On Saturday afternoon, Sept. 29, Pershing spent a few hours at the university’s Rio Mesa Center, a 400-acre research field station located about 40 miles northeast of Moab, along the Dolores River in Grand County. He met with university students and U.S. Bureau of Land Management officials in celebrating the Rio Mesa center’s fifth anniversary.
Pershing joined BLM state director Juan Palma in dedicating a second BLM-funded native plant demonstration garden at the field station. The research gardens are part of a multi-year joint research effort by the U. of U. and the BLM to study the biological diversity of plants native to the Colorado Plateau.
Pershing, a longtime University of Utah faculty member and administrator, took the helm as the university’s 15th president in March of this year. He said the visit to southeastern Utah was the final planned stop in a series of visits this year billed as the “Great Red Road Trip.”
Pershing said his travels over the summer have taken him to a variety of places, including eight miles underground (a coal mine near Salina), on a drilling platform near Vernal, and even a pig farm.

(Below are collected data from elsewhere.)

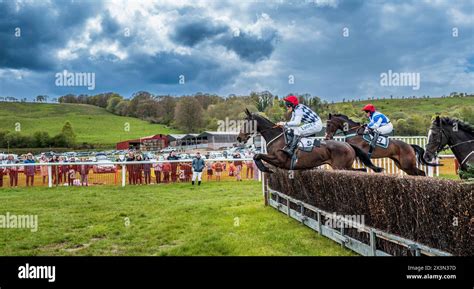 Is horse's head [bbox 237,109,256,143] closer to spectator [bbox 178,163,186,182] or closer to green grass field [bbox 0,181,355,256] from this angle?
green grass field [bbox 0,181,355,256]

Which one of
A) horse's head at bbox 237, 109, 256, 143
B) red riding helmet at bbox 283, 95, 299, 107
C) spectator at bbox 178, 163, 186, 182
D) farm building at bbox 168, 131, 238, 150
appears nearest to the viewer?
red riding helmet at bbox 283, 95, 299, 107

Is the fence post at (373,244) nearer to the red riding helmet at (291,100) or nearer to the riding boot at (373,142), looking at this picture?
the red riding helmet at (291,100)

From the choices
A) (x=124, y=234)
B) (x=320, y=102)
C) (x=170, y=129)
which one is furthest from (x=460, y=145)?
(x=170, y=129)

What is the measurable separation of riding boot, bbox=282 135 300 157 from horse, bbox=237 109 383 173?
76 mm

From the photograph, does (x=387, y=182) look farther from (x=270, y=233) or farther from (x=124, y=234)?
(x=124, y=234)

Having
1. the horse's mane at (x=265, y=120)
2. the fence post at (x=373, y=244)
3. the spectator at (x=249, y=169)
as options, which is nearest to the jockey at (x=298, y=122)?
the horse's mane at (x=265, y=120)

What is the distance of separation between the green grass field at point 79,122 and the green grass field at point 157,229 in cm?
4769

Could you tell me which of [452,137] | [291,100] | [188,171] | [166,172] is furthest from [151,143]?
[452,137]

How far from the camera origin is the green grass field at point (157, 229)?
5.79m

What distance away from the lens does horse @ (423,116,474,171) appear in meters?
8.09

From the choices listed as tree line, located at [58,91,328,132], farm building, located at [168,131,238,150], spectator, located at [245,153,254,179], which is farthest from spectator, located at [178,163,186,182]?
farm building, located at [168,131,238,150]

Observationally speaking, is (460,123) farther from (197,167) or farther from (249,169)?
(249,169)

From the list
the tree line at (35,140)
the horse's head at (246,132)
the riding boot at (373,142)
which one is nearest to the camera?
the horse's head at (246,132)

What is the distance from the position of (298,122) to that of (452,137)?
303cm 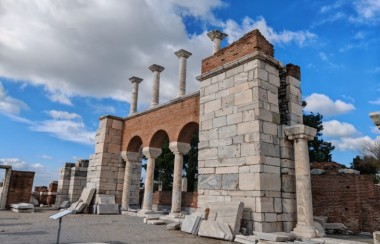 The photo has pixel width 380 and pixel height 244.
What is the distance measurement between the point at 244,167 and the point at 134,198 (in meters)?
9.29

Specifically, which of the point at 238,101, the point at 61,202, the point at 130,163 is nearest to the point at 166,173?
the point at 61,202

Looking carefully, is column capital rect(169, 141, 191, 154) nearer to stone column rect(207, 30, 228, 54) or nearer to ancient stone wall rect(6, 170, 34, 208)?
stone column rect(207, 30, 228, 54)

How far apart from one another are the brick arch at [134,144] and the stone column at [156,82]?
2010mm

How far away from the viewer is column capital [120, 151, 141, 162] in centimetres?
1446

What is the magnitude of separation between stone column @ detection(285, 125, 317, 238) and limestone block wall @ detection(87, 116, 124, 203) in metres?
9.41

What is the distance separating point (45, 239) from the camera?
639 centimetres

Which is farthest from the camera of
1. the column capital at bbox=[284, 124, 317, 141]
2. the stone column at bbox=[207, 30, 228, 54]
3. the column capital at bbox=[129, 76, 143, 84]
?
the column capital at bbox=[129, 76, 143, 84]

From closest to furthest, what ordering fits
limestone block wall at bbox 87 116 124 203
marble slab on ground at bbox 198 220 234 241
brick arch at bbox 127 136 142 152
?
marble slab on ground at bbox 198 220 234 241, limestone block wall at bbox 87 116 124 203, brick arch at bbox 127 136 142 152

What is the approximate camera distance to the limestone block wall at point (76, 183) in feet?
55.3

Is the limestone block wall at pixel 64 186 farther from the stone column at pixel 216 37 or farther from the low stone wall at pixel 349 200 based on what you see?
the low stone wall at pixel 349 200

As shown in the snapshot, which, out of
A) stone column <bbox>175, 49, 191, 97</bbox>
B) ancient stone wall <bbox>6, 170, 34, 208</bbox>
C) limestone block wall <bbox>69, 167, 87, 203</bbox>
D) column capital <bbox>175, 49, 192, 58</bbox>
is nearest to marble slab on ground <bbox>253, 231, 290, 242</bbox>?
stone column <bbox>175, 49, 191, 97</bbox>

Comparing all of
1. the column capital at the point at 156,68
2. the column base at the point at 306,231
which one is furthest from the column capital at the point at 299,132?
the column capital at the point at 156,68

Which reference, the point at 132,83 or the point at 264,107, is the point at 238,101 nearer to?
the point at 264,107

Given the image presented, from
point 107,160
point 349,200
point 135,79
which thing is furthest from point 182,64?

His visits have included trips to southwestern and central Utah in late June, northern Utah in July, Tooele County in August, and Utah County in early September.
Following Saturday’s visit to the research center, Pershing, accompanied by his wife Sandi and a small entourage of staffers, stopped in Moab for a dinner meeting with local civic and education officials.
“Our effort is to reach out to students all over the state,” Pershing said. “We want students in rural Utah to feel that the [university] is a friendly place.”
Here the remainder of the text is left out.